__What is required__. Copy out exactly, from the entries that follow, the line holding "Navajo Red Rug", the line holding "Bruine suède western", and all lines between them, but no pictures.

Saved data entries:
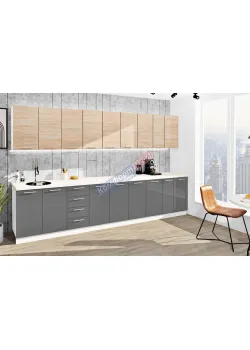 Готовая кухня Комфорт Эко 3500 мм прямая Графит, Дуб натуральный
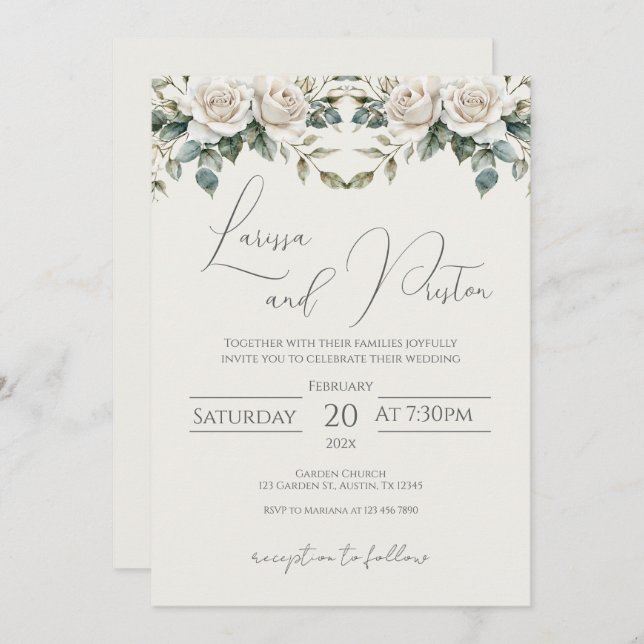 Convite Boho Wedding Invitation (Frente/Verso)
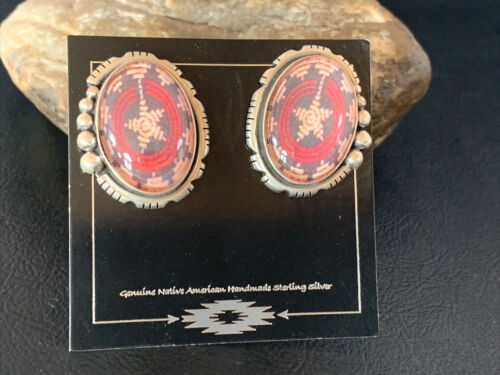 Navajo Red Rug Design Stud Earrings | Sterling Silver | 1" | Authentic Native American Handmade | 13110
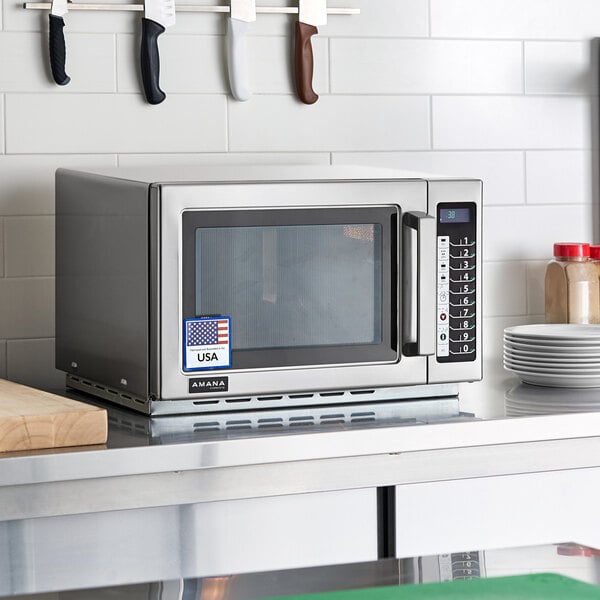 Amana RCS10TS Stackable Commercial Microwave with Push Button Controls - 120V, 1000W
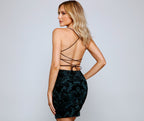 Velvet Knit Mini Dress with Floral Details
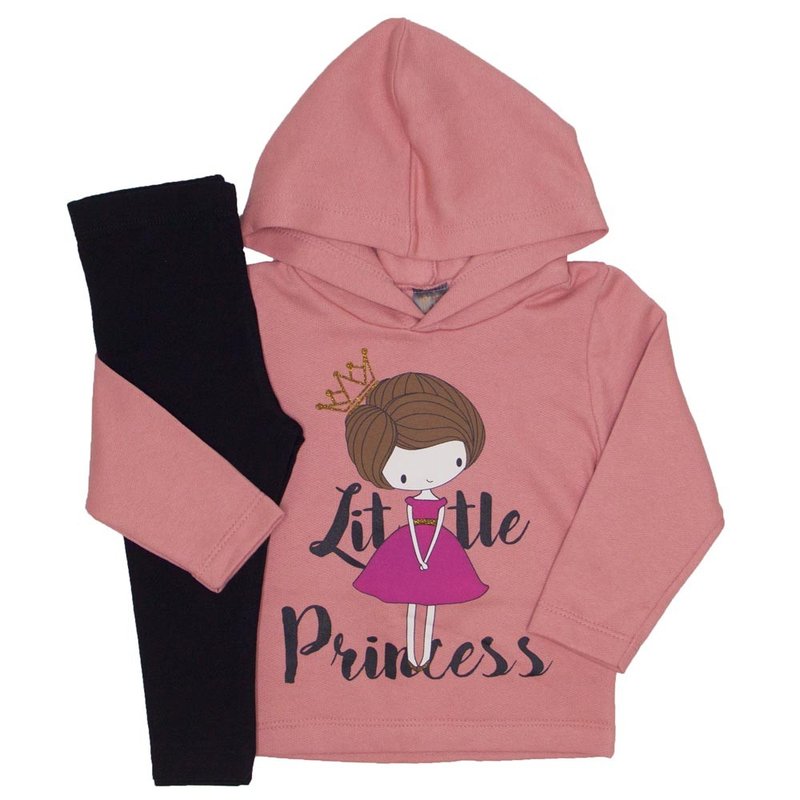 conjunto little princess rosa blush e preto 151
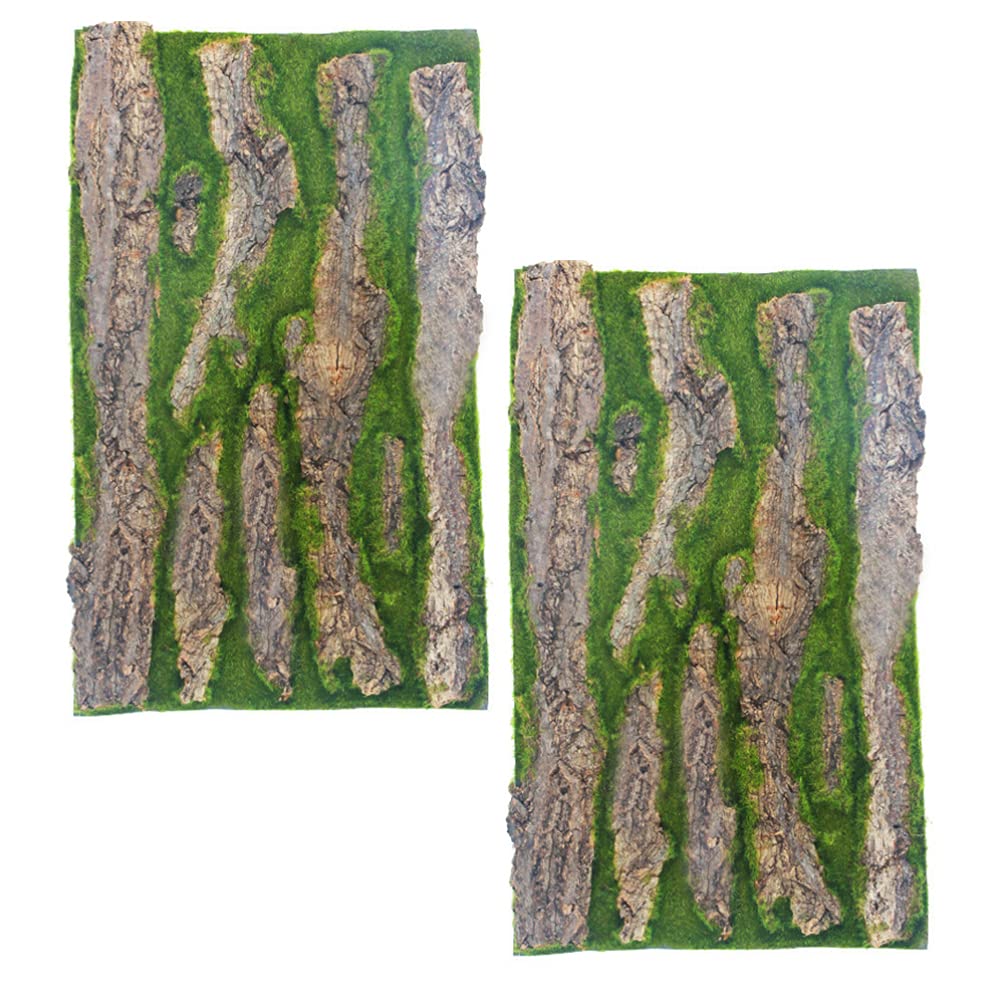 POPETPOP 2Pcs Reptile Habitat Bark Background - Natural Terrarium Decor for Lizards, Snakes & Geckos - Perfect for Aquarium Fish Tanks & Vivarium Landscaping - Enhances Reptile Enclosure Aesthetics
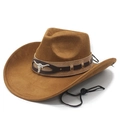 Bruine suède western cowboyhoed met brede rand, vintage stierenkop en verstelbaar koord - M (56-58cm) / Khaki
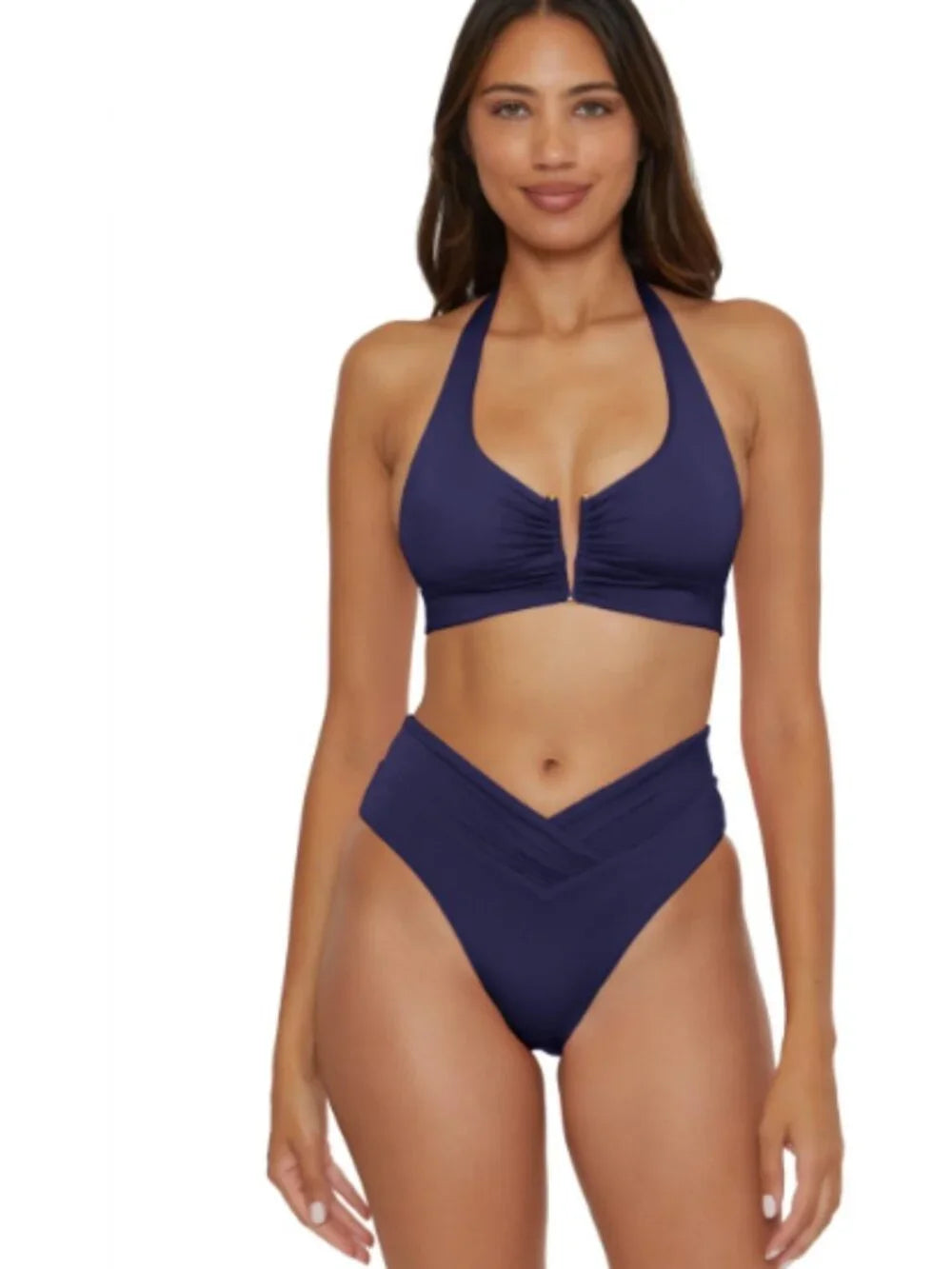 Becca Swim Women's Solid Color Code Carolina French Cut Hipster Bikini Bottom
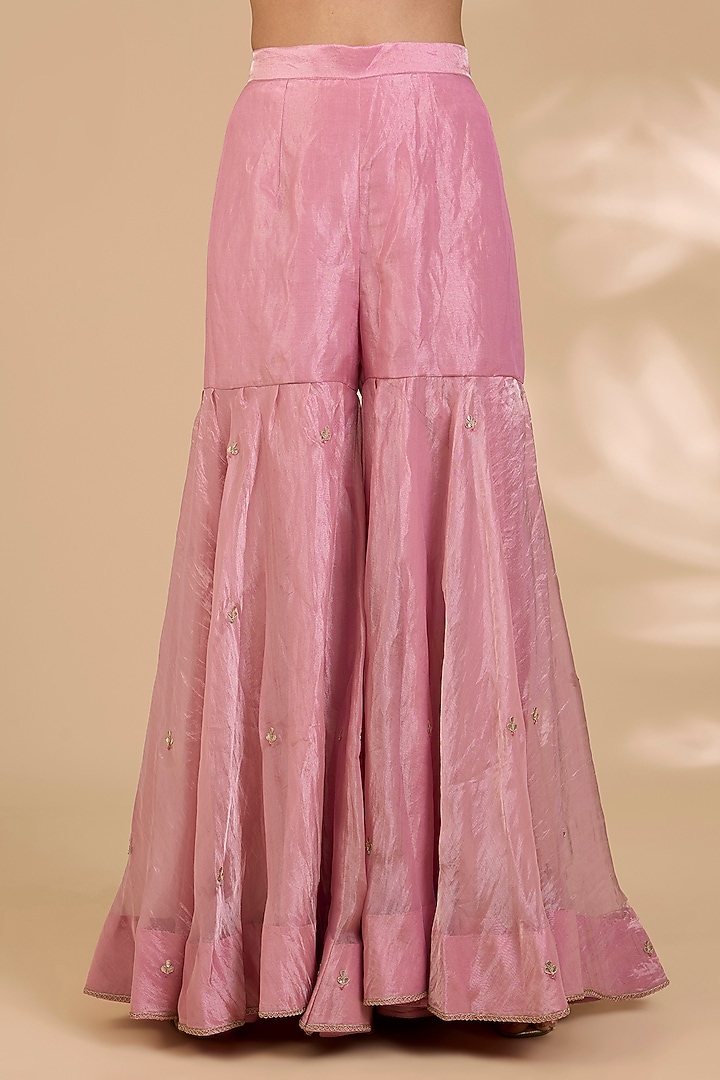 Rose Pink Tissue Bridal Sharara Set by SURBHI SHAH at Pernia's Pop Up Shop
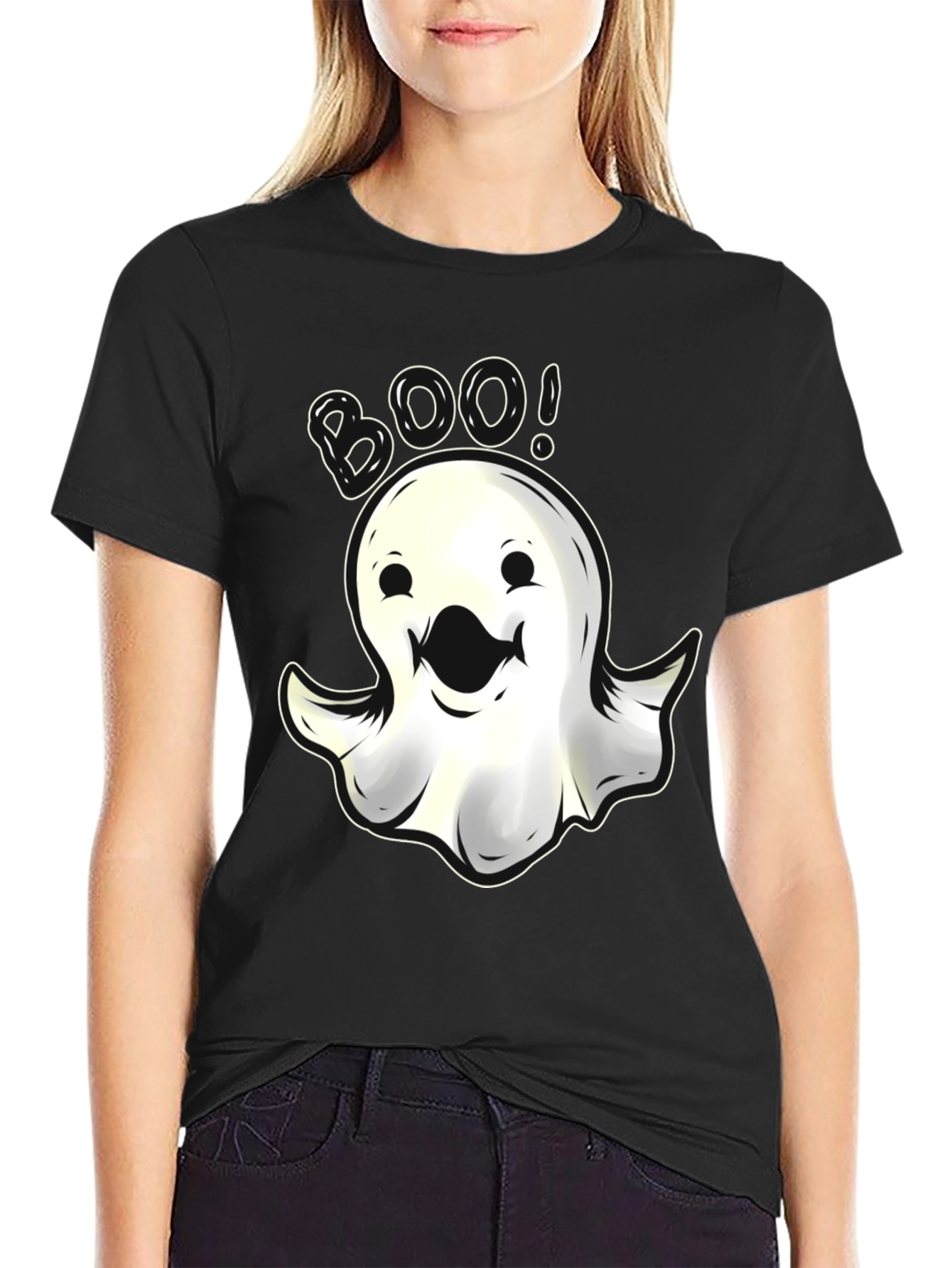 Boo Ghost Graphic T-Shirt - Spooky Halloween Fun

__Task response__.
 Navajo Red Rug Design Stud Earrings | Sterling Silver | 1" | Authentic Native American Handmade | 13110
 Amana RCS10TS Stackable Commercial Microwave with Push Button Controls - 120V, 1000W
 Velvet Knit Mini Dress with Floral Details
 conjunto little princess rosa blush e preto 151
 POPETPOP 2Pcs Reptile Habitat Bark Background - Natural Terrarium Decor for Lizards, Snakes & Geckos - Perfect for Aquarium Fish Tanks & Vivarium Landscaping - Enhances Reptile Enclosure Aesthetics
 Bruine suède western cowboyhoed met brede rand, vintage stierenkop en verstelbaar koord - M (56-58cm) / Khaki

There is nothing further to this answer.